Enclosure PG&E Letter DCL-11-053 ONE HUNDRED EIGHTY-DAY STEAM GENERATOR REPORT FOR DIABLO CANYON POWER PLANT UNIT 1 SIXTEENTH REFUELING OUTAGE Pacific Gas and Electric Company (PG&E) performed eddy current inspections of the Diablo Canyon Power Plant (DCPP) Unit 1 steam generators (SGs) during the DCPP Unit 1 Sixteenth Refueling Outage (1 R16) in October 2010. The inspections were conducted in accordance with DCPP Technical Specification (TS) 5.5.9.

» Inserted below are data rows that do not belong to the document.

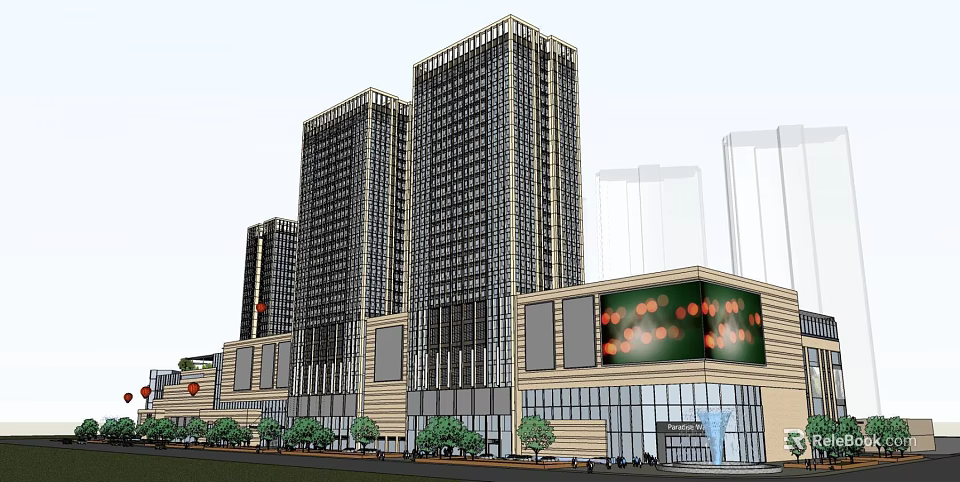 Modern Commercial Complex with High Rise Buildings Glass Facade Retail Area and Street Greenery 3d model 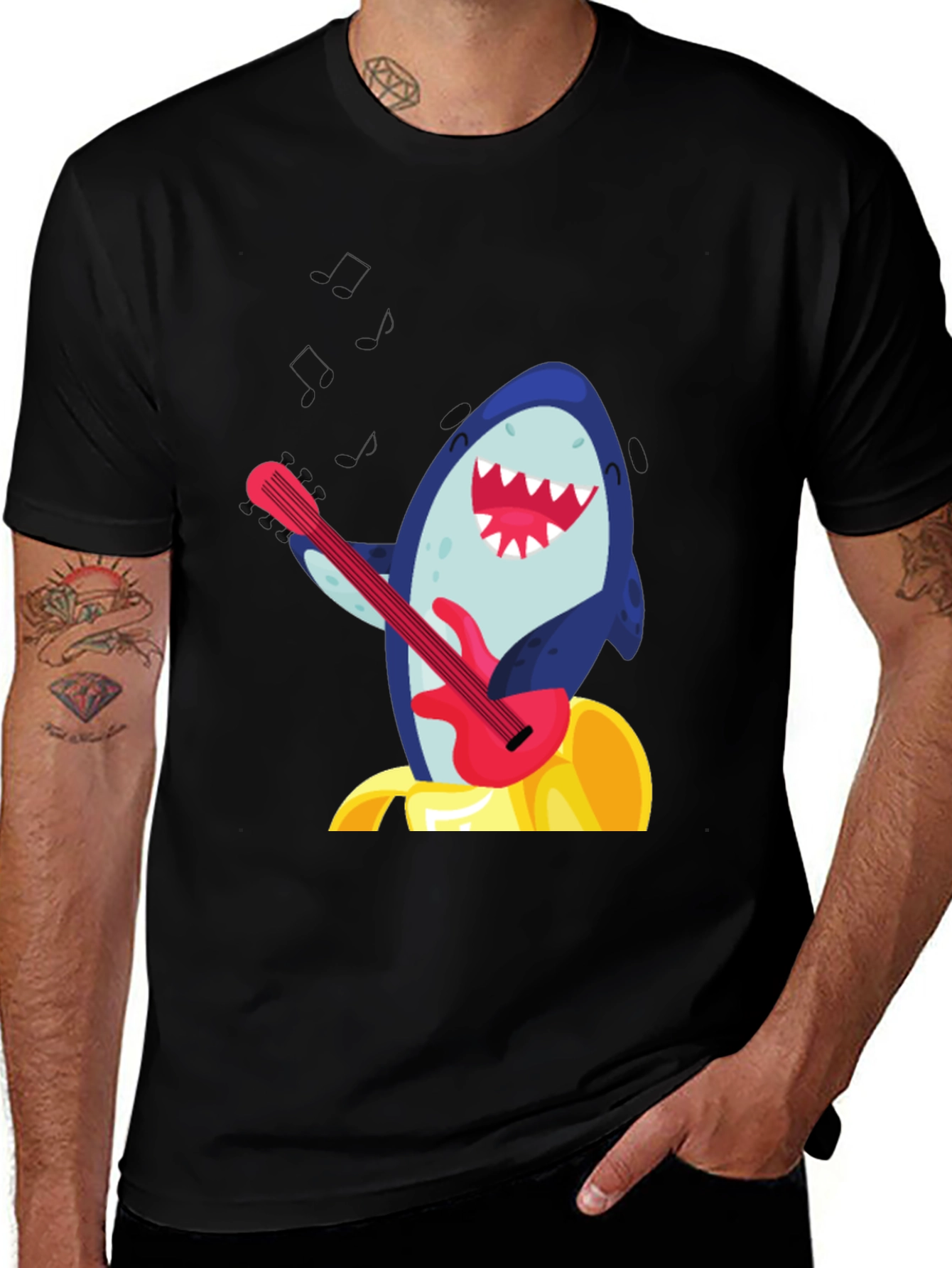 Shark Guitarist Graphic Tee - Black Cotton Blend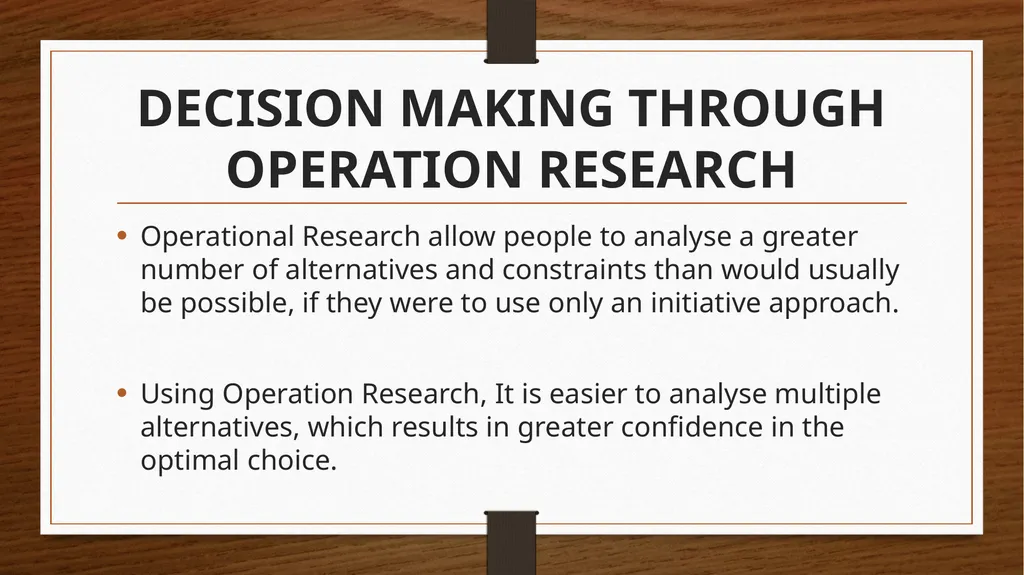 OPERATION RESEARCH Operation Research can be - slide 2 of 23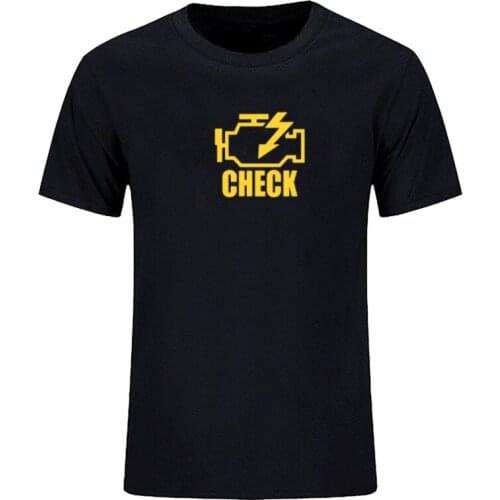 Summer auto mechanic checks engine lights funny mens birthday gift dad and husband short sleeve cotton T-shirt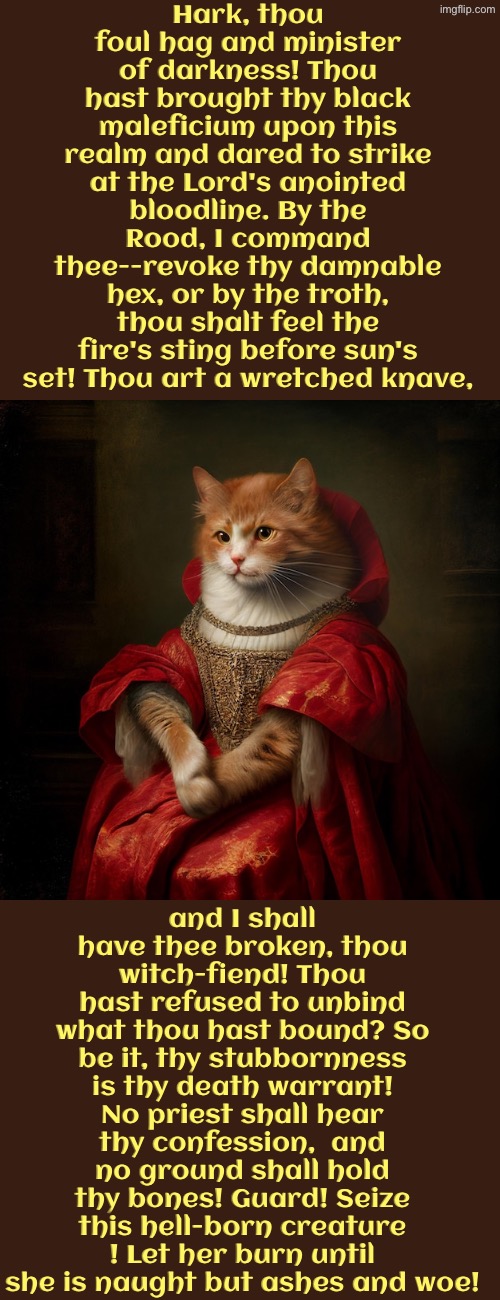Hark, Thou Foul Hag | Hark, thou foul hag and minister of darkness! Thou hast brought thy black maleficium upon this realm and dared to strike at the Lord's anointed bloodline. By the Rood, I command thee--revoke thy damnable hex, or by the troth, thou shalt feel the fire's sting before sun's set! Thou art a wretched knave, and I shall have thee broken, thou witch-fiend! Thou hast refused to unbind what thou hast bound? So be it, thy stubbornness is thy death warrant! No priest shall hear thy confession,  and no ground shall hold thy bones! Guard! Seize this hell-born creature ! Let her burn until she is naught but ashes and woe! | image tagged in cats,medieval memes,the queen,witches,cursed,execution | made w/ Imgflip meme maker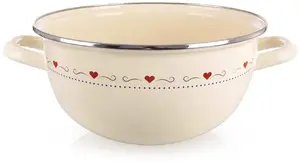Lumarko TONCA Enamelled Bowl with Handles, Cream, 33 cm, 5 L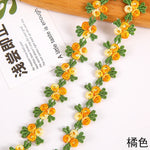 ruban decoratif brode fleurs feuilles 2cm largeur vert rose bleu orange mariage decoration ecologique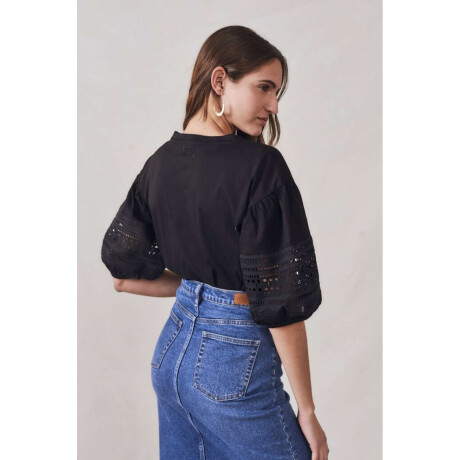 Remera Algodon Combinada Negro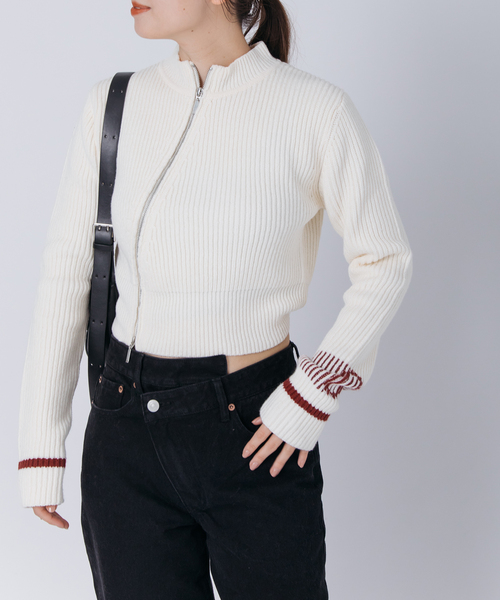 Oriens JOURNAL STANDARD(オリエンス ジャーナルスタンダード)の「《追加》ナナメジップニット(カーディガン/ボレロ・レディース・アイボリー/ネイビー・FREE)」の12枚目の写真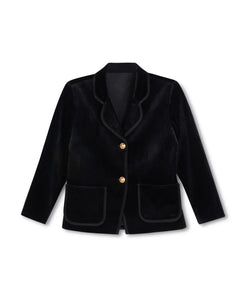 One Child Black Core Velour Blazer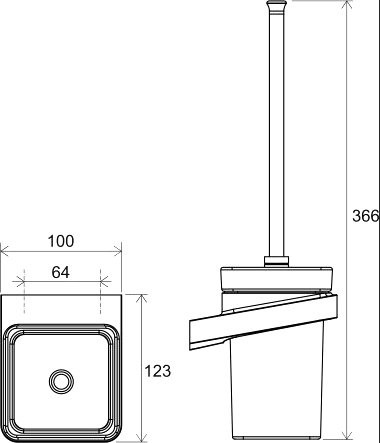 Ершик для унитаза Ravak 10° TD 410.00 матовый черный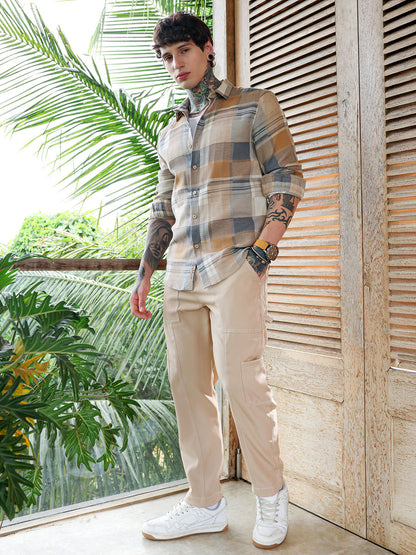 Gradient-Plaid Regular Shirt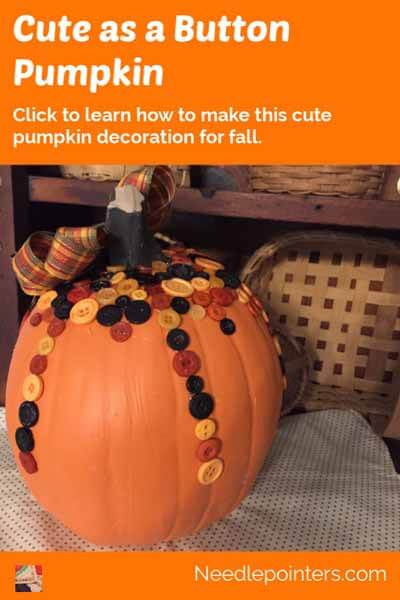 Cute as a Button Pumpkin - pin
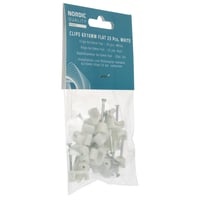 Billede af Kabelklips flade 6x10mm, hvid, 25 stk.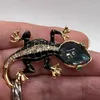 Brosches Lizard Brosch Pin Salamander Black Rhinestone Emamel Costume Jewelry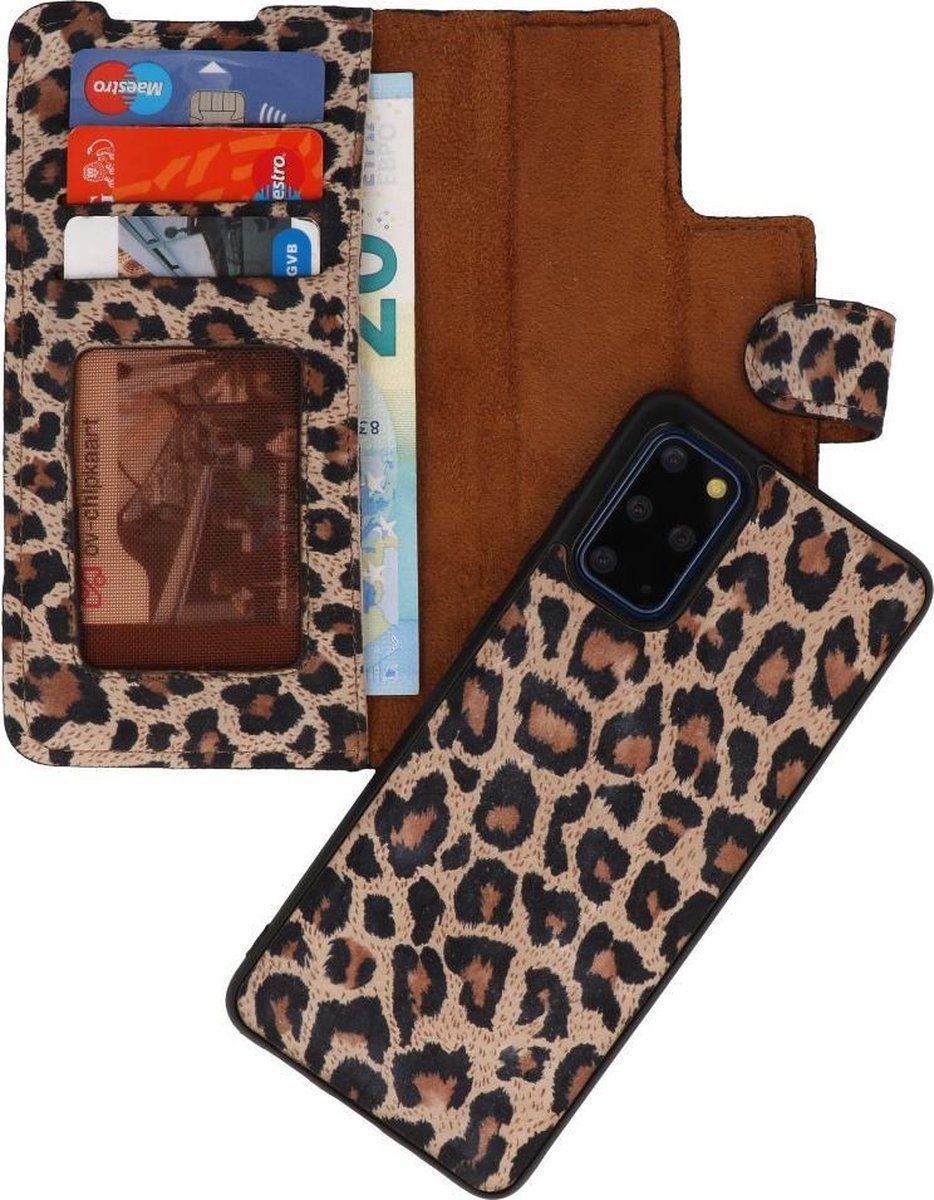 Bestcases Luipaard 2 in 1 Leer Bookstyle Hoesje Geschikt voor Samsung Galaxy S20 Plus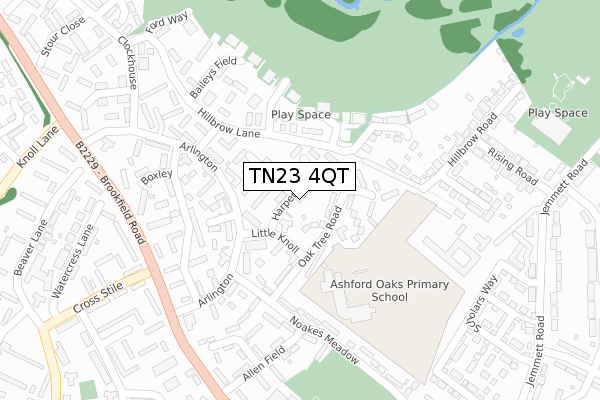 TN23 4QT map - large scale - OS Open Zoomstack (Ordnance Survey)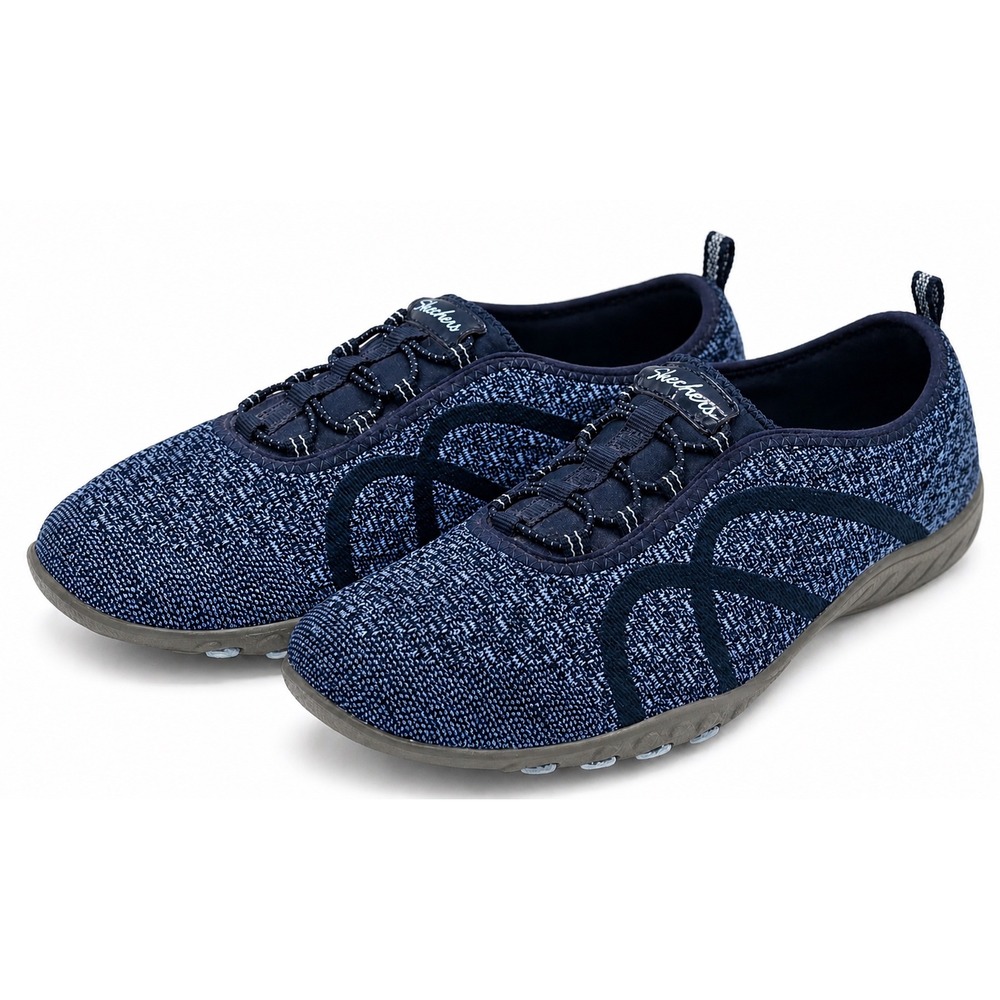 SKECHERS Breath Easy Fortune Knit Comfort Shoes Women's 8.5 Blue Slip-On SN23028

These were the first inservice inspections conducted on the Unit 1 SGs since they were replaced in the DCPP Unit 1 Fifteenth Refueling Outage. The four replacement SGs are Westinghouse Model Delta 54 (the same as the Unit 2 replacement SGs). The SG fabricator was ENSA, and the tube manufacturer was Sandvik.

Pertinent design features include:

  • 4444 tubes per SG
  • Tube nominal diameter of 0.75 inch outer diameter (OD)
  • Tube nominal wall thickness of 0.043 inch
  • The tubes are arranged in a triangular pattern of 96 rows and 119 columns, with a triangular pitch of 1.144 inches.
  • The tubesheet is 23.55 inches thick, including the 0.30-inch cladding.
  • The eight tube support plates (TSP) are stainless steel (Type 405) and are 1.125 inches thick. All TSPs have trefoil-shaped holes, produced by broaching.
  • In the U-bend, the tubes are supported by three sets of "V" shaped, rectangular stainless steel (Type 405) anti-vibration bars (AVB). The AVB assemblies stiffen the U-bend region of the tube bundle and facilitate proper tube spacing and tube alignment while mitigating tube vibration. The lowest, middle, and upper set of AVB assemblies supports the tubes in rows 8 through 96, rows 22 through 96, and rows 43 through 96, respectively.
  • The tubes are full depth hydraulically expanded within the tubesheet. The end of each tube is tack expanded using a urethane plug expansion process.
  • The tubes in rows 1 through 16 were full-length stress relieved following bending. Row 1 has the smallest U-bend radius of 3.25 inches.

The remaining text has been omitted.